Le clown et le picaro
arnaud-luphenz
Je sentais des bulles de profondeurs embrumer ma vue, quand un attroupement se forma à quelques mètres devant moi. Je ralentis mon allure puis m’arrêtai afin de contempler Ezzo, le clown. Son visage maquillé de craie n’en logeait pas moins un énorme nez rouge qui tintait comme une clochette lorsque les enfants appuyaient dessus. Ce qui ne manquait pas de se produire, à répétition. Un chapeau multicolore et des ballons-polichinelle couronnaient l’énergumène. Il avait le succès démesuré du souverain éphémère et des rondes folles. Bientôt, en plus de rire et de taper frénétiquement dans leurs mains, les spectateurs se mirent à scander son nom.
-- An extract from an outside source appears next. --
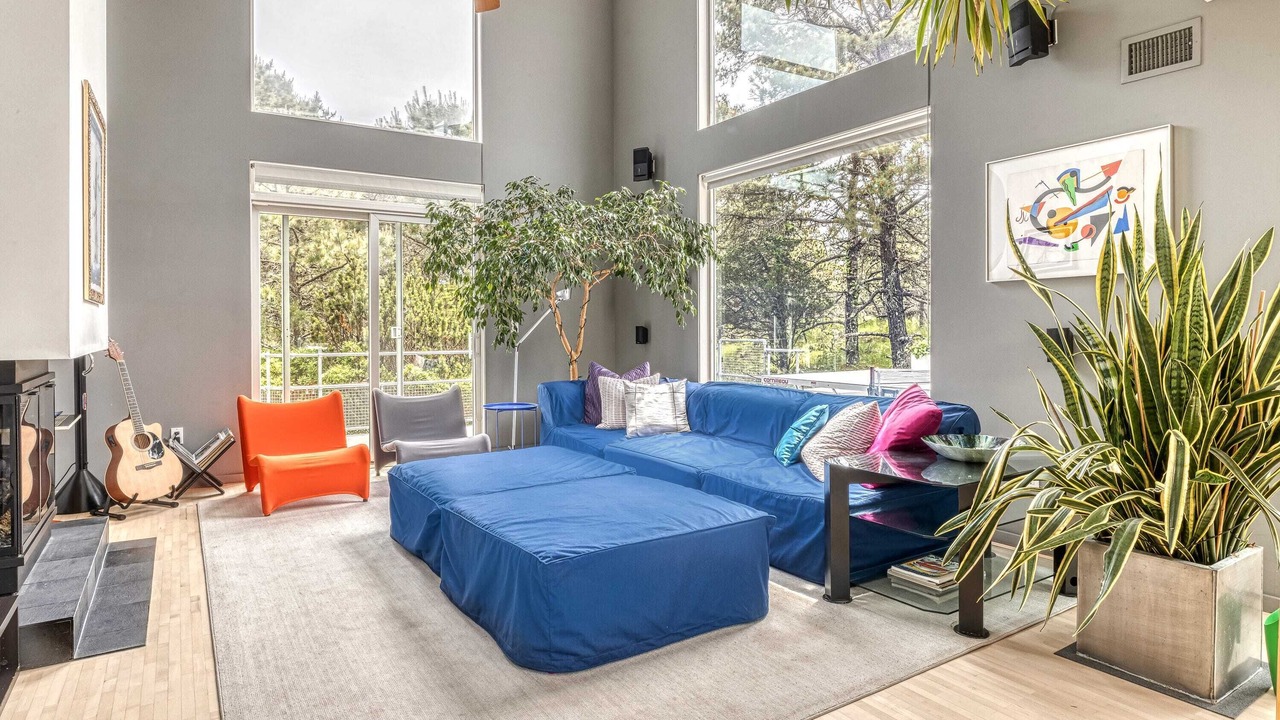Photo of Livingroom in Napeague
Les pièces s’accumulaient dans son couvre-chef, désormais posé à ses pieds. Cliquetis incantatoire d’une espérance bénie. Il lâcha la ficelle retenant les ballons et cet envol détourna les attentions. Vers le haut. Un autre artiste ambulant était installé à proximité. Ses longs cheveux attachés et son costume sombre campaient un personnage lugubre. Un picaro. Il jonglait avec des torches enflammées à la manière d’une valse d’enfer, sans cependant rencontrer un succès comparable à l’auguste. Ses lunettes de soleil cerclées ciselaient la trempe d’un soudeur astral marquant les esprits. Enchanteur. Le regard étranger qu’il transportait sur ses épaules n’occultait en rien l’ouroboros tatoué à la base de son cou. Le dragon se mordait la queue et protégeait un pentacle de suie. Le teint souffreteux de son propriétaire se mariait avec un sourire mauvais qu’il gardait pour reprendre son souffle. La fin des temps ne paraissait pourtant pas avoir sa place dans ce monde à deux versants. A juste titre. A moins que le cataclysme prédit par les dogmes obscurs ne soit la véritable raison de la joie subite des passants et du manège insensé du serpent. D’un renouveau entre terre et mer surgi de la gueule d’un paradoxe incessant.